We then generated various ways to manage the saboteur, with nearly all the ideas coming from the group. "If you can do these," I finished, "then over time, the saboteur will soften, soften, soften....into a friend. Try it out." I thanked and praised them for working so hard for our two hours together.

Second Meeting

Your silence will not protect you. – Audrey Lorde

Five attended, all women: one African American, one Caucasian, and three Hispanic. As before, we sat in a circle.

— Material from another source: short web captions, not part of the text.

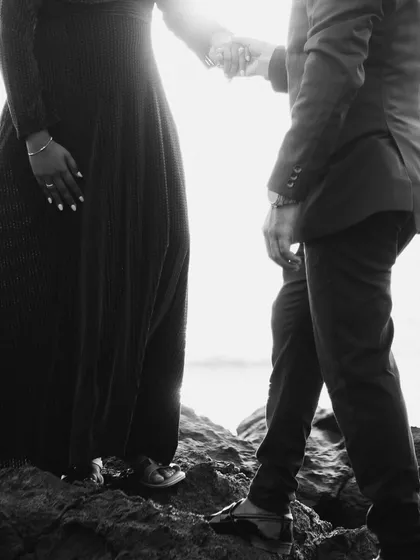 A minimalist black and white detail shot. The focus on their linked hands against the bright sky tells a simple but powerful story of connection and partnership.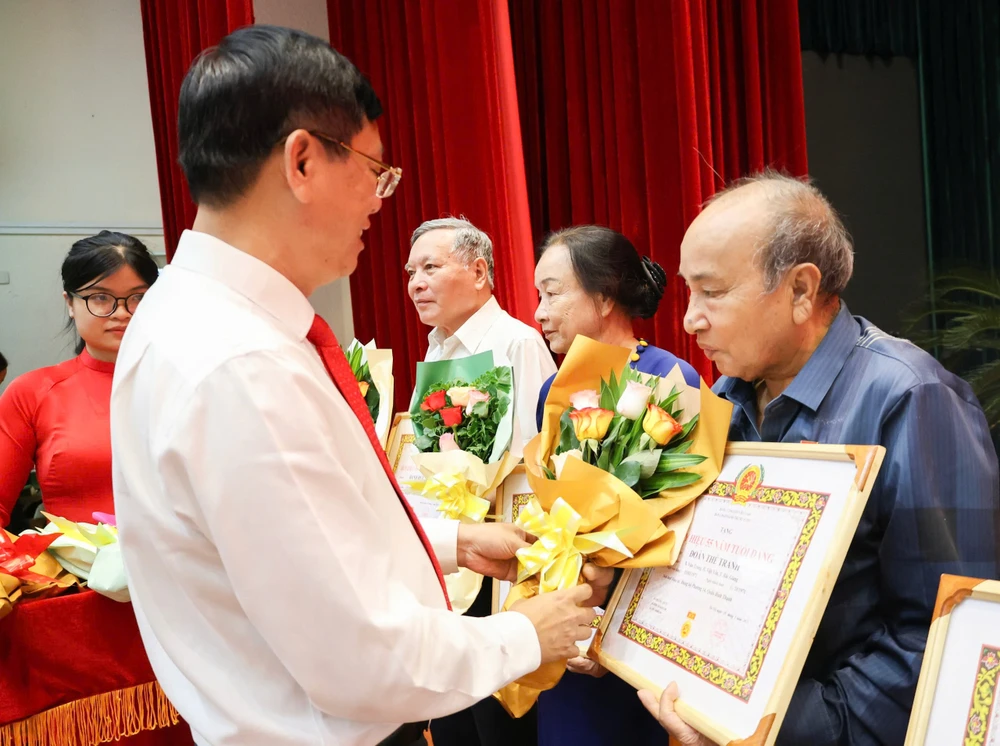 Bí thư Quận ủy quận Bình Thạnh Vũ Ngọc Tuất trao Huy hiệu Đảng đến các đảng viên Hinh BT 2.jpg
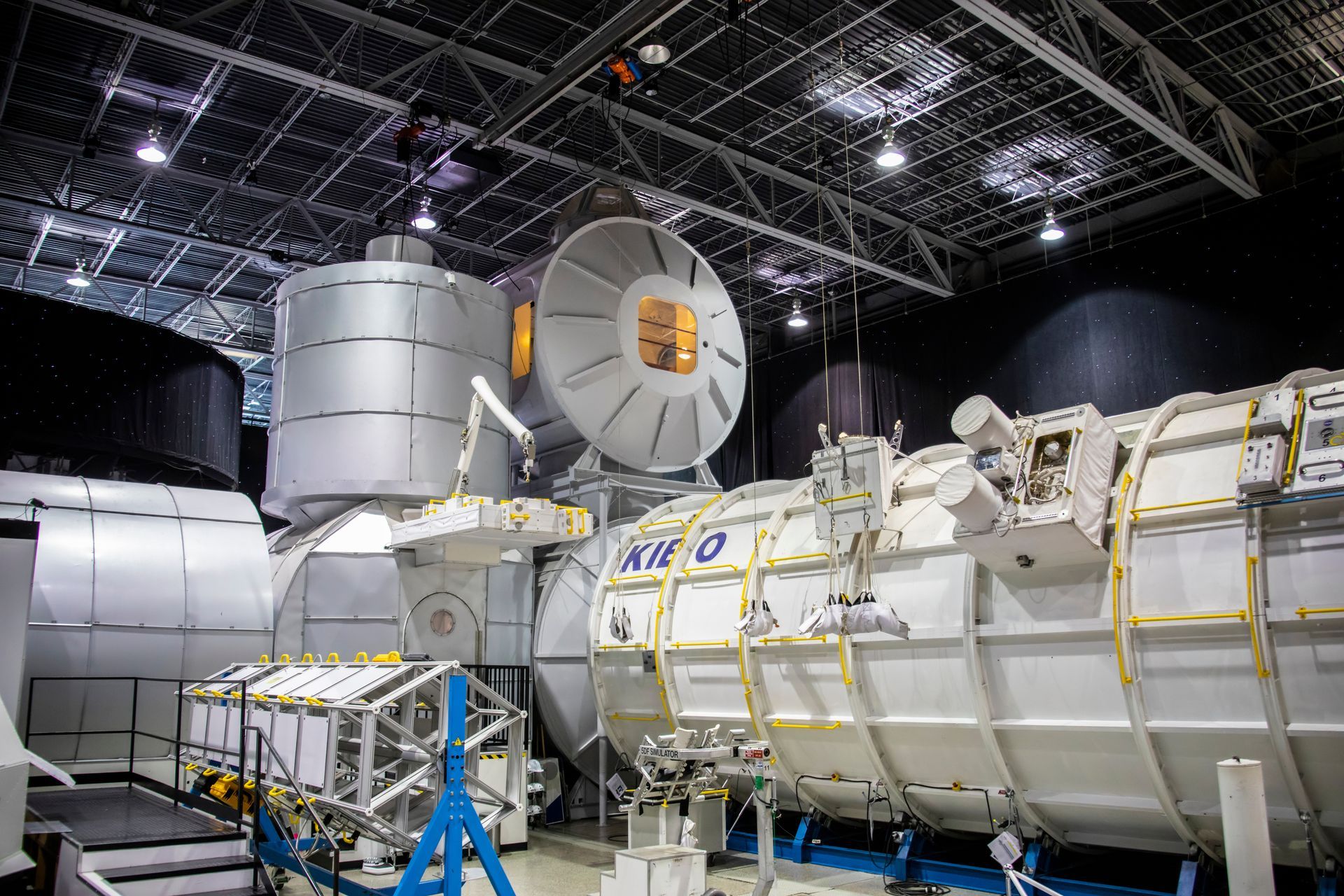 A mockup of a space station interior, with white modules, robotic arms, and complex equipment.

One participant, who was pregnant, complained that her new case worker had noticed her age (mid-20s) and said something discouraging about “you girls just don’t get it.” The worker was promptly told that all three children had the same father and that he was dead. The group spent some time in commiseration and in trading stories about being stereotyped by “the system.”

I posed a question: why does the wealthiest nation in the world need poor people around?

This thought hadn’t occurred to most of the group, but one participant said: to scare everyone else into working. Eyes opened wide.

“’Look what might happen to you if you don’t man those offices and tractors.’ That what you mean?” She nodded. To their wonder, they then came up with several built-in setups for failure, from cutting money to the newly employed to electronic “cash” whose shifting amounts made for frequent audits and arguments.

A participant asked whether case workers and politicians were deliberately trying to keep them down.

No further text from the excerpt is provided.